Nas Cordas do Meu Violão

Viro as tarrachas de um violao abandonado aqui de casa há mais de década. Esse violão já foi meu. Já viajou o Brasil que eu viajei. Já ficou na casas de mil amigos. Era para todos que me conheciam naquela época, uma extensão do que eu era. Mas há anos ele tem as mesmas cordas. Há anos as tarrachas não funcionam mais. É muito duro vira-las.

Dia desses cortei as cordas enferrujadas do suor da mão de tantos. Oxidadas com certo descaso e abandono por tantos anos a fio. Um instrumento ali meio por acaso. Corto as cordas num desses dias. Falo que preciso de novas cordas mas não vou compra-las.

Num outro dia resolvo colocar óleo nas partes de metal enferrujadas para poder trocar as cordas. Demora talvez uns dias mais para eu de fato buscar o tal DW40. Estou meio que convencida que esse violão já não toca mais.

Outras semanas passam e muitos dos que me conhecem sabem das cordas que eu preciso comprar.

Nesse final de semana eu vou a Benedito Calixto levar dois amigos do mundo. Iva, nascida na Malasia, de mãe francesa e pai chinês. E Nam, australiano de família do sul do Vietnam que fugiu de um campo na Indonésia para a Austrália.

Andamos a feirinha e eu vou contando a estória do Brasil. As vezes paro no meio de uma frase que eu sei tão bem…me lembrando quão critica eu sou do modo repetitivo que as narrativas de países são contadas. Narrativas que nunca paramos para avaliar. Enquanto vou dizendo as frases meio repetidas por muitas outras pessoas… eu as interrompo dentro de mim. Quando mesmo eu fiquei sabendo disso? Que evidencia empírica existe sobre esse fato ou outro? Rio em silencio.  Nenhuma.

Eles estão no meio de uma viagem pela America do Sul.  E eu me lembro das cordas.

“Podemos comprar cordas? É logo aqui na Teodoro Sampaio.”

Compro as cordas porque eu pretendo ficar. E como alguém que volta aos poucos a entrar na fantasia de alguém que vive em algum lugar eu olho algo para o meu quarto. Uma bermuda num brechó. Minha amiga Paula que veio nos encontrar se surpreende.

“Você comprando alguma coisa?”

Explico que é para escalar.  E agora enquanto eu sento fazendo algo que há anos eu não faço eu percebo que eu compro porque eu não tenho que carregar nas minhas costas.
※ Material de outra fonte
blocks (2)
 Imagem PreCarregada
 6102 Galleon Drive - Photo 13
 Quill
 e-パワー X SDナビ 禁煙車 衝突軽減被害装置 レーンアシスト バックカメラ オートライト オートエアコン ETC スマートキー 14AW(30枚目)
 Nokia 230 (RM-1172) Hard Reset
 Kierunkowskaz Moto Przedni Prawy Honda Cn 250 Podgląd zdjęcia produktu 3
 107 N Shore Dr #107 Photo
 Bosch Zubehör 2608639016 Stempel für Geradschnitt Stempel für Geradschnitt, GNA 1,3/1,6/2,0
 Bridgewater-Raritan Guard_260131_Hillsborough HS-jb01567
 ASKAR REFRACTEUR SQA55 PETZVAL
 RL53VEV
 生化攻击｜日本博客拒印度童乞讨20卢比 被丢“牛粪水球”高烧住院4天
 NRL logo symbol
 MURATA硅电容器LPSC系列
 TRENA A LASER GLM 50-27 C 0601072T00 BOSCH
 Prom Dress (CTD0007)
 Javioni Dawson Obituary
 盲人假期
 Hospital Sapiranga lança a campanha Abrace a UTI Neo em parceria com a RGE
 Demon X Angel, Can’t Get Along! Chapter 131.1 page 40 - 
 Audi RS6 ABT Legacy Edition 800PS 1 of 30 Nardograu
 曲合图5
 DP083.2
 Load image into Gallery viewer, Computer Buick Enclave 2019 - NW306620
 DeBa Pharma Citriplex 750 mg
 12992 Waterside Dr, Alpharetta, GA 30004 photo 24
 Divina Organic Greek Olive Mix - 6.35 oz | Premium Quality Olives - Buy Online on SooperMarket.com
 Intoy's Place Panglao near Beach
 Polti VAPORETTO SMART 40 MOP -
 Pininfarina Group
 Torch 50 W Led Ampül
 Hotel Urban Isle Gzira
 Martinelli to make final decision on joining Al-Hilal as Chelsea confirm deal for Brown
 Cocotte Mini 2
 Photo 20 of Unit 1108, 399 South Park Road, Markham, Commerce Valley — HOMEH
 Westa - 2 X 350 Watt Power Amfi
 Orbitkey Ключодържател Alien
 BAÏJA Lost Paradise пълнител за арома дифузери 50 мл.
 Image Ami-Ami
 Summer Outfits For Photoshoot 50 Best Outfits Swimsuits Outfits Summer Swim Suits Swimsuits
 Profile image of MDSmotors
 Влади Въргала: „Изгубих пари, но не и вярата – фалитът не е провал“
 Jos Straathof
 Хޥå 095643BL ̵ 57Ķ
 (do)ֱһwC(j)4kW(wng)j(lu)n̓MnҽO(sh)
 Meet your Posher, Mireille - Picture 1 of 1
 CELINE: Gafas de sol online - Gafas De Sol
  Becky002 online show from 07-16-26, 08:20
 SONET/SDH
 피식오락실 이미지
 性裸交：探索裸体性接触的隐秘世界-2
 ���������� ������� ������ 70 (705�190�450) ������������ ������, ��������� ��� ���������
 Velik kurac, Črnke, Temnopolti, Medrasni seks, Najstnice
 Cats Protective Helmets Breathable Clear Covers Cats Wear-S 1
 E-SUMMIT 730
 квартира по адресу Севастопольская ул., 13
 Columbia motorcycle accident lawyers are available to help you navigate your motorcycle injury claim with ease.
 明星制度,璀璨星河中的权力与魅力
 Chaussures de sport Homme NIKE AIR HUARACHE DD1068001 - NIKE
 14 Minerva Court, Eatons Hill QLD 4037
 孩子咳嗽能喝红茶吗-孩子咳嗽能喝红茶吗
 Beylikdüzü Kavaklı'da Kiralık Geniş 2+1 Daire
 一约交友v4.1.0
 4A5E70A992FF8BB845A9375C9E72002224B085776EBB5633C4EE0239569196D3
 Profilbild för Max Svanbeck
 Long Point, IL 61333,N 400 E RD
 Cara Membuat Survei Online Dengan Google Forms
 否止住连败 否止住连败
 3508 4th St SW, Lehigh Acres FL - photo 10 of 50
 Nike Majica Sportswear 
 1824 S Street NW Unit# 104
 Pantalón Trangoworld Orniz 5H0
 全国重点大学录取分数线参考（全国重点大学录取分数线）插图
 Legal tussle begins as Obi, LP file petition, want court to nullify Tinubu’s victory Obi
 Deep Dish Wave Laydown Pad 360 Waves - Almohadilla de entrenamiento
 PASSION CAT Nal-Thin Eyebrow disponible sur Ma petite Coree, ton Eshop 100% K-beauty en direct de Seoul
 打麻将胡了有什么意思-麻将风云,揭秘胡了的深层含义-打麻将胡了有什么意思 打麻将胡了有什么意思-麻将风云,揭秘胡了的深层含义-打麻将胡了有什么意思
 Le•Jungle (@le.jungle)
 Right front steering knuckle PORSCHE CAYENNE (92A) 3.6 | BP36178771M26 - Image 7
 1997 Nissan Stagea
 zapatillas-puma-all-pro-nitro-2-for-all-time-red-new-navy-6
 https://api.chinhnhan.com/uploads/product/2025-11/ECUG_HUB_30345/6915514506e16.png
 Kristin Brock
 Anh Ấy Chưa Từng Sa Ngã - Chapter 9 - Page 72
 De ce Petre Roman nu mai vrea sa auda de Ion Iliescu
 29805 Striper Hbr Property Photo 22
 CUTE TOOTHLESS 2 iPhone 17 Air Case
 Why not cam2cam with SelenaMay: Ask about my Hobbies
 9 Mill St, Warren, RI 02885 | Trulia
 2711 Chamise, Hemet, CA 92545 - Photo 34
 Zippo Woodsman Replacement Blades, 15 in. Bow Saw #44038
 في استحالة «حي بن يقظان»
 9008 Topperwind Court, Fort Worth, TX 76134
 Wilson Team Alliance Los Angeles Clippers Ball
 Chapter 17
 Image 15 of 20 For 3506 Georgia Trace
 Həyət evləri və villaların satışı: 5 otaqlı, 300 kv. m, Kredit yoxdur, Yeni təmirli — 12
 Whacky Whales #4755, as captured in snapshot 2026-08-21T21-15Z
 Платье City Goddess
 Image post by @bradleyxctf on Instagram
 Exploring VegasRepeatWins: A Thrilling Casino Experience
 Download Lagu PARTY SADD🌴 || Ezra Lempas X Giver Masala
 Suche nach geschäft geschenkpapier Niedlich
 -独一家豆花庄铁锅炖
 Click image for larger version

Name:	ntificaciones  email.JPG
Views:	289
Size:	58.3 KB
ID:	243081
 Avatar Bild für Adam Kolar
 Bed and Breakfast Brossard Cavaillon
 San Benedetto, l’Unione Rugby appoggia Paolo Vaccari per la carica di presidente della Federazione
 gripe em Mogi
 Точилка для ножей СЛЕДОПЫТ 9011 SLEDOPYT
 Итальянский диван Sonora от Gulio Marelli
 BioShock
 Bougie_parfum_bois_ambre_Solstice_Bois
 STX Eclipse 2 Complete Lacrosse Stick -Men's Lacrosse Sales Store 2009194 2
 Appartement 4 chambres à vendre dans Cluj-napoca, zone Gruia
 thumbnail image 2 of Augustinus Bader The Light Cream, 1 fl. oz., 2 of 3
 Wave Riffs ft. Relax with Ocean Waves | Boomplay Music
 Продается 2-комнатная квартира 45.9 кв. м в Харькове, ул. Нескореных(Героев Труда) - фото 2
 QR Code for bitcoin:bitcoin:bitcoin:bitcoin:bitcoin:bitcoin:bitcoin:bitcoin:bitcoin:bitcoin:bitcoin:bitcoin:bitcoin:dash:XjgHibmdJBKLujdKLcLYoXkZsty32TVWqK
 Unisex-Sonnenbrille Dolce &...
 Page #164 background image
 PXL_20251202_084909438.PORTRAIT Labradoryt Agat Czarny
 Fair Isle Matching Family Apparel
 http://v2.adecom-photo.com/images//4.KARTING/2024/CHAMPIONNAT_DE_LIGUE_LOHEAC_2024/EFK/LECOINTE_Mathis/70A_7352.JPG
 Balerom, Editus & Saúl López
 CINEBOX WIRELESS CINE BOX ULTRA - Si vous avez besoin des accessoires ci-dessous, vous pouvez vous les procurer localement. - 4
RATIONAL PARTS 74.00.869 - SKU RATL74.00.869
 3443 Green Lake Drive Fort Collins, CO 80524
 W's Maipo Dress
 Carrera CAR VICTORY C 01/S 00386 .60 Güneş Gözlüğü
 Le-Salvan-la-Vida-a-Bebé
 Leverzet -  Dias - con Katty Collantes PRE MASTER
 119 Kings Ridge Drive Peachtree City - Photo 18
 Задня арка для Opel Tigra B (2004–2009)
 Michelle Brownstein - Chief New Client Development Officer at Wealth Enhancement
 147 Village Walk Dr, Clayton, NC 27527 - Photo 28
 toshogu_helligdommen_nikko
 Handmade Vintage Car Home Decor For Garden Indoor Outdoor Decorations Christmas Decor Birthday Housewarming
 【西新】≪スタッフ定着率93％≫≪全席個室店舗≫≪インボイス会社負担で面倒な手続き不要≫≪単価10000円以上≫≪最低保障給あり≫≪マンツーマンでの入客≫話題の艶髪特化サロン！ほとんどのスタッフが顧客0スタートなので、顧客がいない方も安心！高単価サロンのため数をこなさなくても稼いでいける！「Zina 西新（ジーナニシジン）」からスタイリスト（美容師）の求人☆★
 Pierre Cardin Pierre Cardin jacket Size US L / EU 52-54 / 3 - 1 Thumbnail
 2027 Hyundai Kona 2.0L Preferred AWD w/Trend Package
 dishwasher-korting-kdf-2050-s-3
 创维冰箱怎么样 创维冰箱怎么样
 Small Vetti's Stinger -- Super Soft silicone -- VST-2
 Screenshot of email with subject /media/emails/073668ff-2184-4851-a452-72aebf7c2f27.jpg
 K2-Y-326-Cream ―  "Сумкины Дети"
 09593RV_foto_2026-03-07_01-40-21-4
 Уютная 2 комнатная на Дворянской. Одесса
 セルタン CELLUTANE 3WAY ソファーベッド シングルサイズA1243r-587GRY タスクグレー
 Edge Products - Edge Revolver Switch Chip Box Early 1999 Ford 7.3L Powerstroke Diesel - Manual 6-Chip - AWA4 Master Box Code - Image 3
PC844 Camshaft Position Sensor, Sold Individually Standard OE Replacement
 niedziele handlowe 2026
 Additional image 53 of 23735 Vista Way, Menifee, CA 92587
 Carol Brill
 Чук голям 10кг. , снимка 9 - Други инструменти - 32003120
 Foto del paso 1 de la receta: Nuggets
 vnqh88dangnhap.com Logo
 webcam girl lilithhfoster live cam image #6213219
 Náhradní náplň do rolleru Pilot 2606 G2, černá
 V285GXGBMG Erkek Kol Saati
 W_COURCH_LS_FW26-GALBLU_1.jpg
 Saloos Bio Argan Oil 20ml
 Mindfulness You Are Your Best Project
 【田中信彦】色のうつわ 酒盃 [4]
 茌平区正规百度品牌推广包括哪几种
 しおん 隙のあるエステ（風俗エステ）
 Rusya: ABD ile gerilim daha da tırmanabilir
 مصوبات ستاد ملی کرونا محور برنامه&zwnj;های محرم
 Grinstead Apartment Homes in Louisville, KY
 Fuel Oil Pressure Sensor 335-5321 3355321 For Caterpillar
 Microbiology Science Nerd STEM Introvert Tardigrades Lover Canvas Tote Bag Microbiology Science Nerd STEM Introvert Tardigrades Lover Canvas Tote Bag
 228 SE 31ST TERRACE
Enquanto eu vou girando as tarrachas meus pensamentos vão correndo por mim.

Lembro do meu professor de violão vendendo seu mil produtos há quase duas decadas,  e como uma manivela de memórias vou incorporando tudo que eu fui aqui. Assim, como aquelas frases feitas sobre o Brasil eu olho para algumas facetas da minha personalidade e rio em silencio. Não há nada de meu naquilo.

Mas a manivela gira e eu vou pensando em tudo de novo. Uma agarra na parede, uma corda bamba, um novo sorriso importante para mim. E a tarracha gira e vai deslizando por mim todas as pessoas que nesse final de semana eu reencontrei. Gira por mim as pessoas que resolveram vir me ver aqui num futuro tão próximo.

Afino as cordas. Uma a uma. Assim que eu termino de afinar elas já estão desafinadas de novo. Afino de novo, e de novo. E de repente pela primeira vez eu toco um acorde dissonante. Ali em toda aquela dissonância as notas fundamentais, e as dissonantes estão claras como nunca.

E eu sei, melhor do que eu sei qualquer frase sobre o Brasil, ou sobre mim,  que daquele violão tão abandonado musica pode uma vez mais transbordar. Não a mesma musica , mas alguma musica.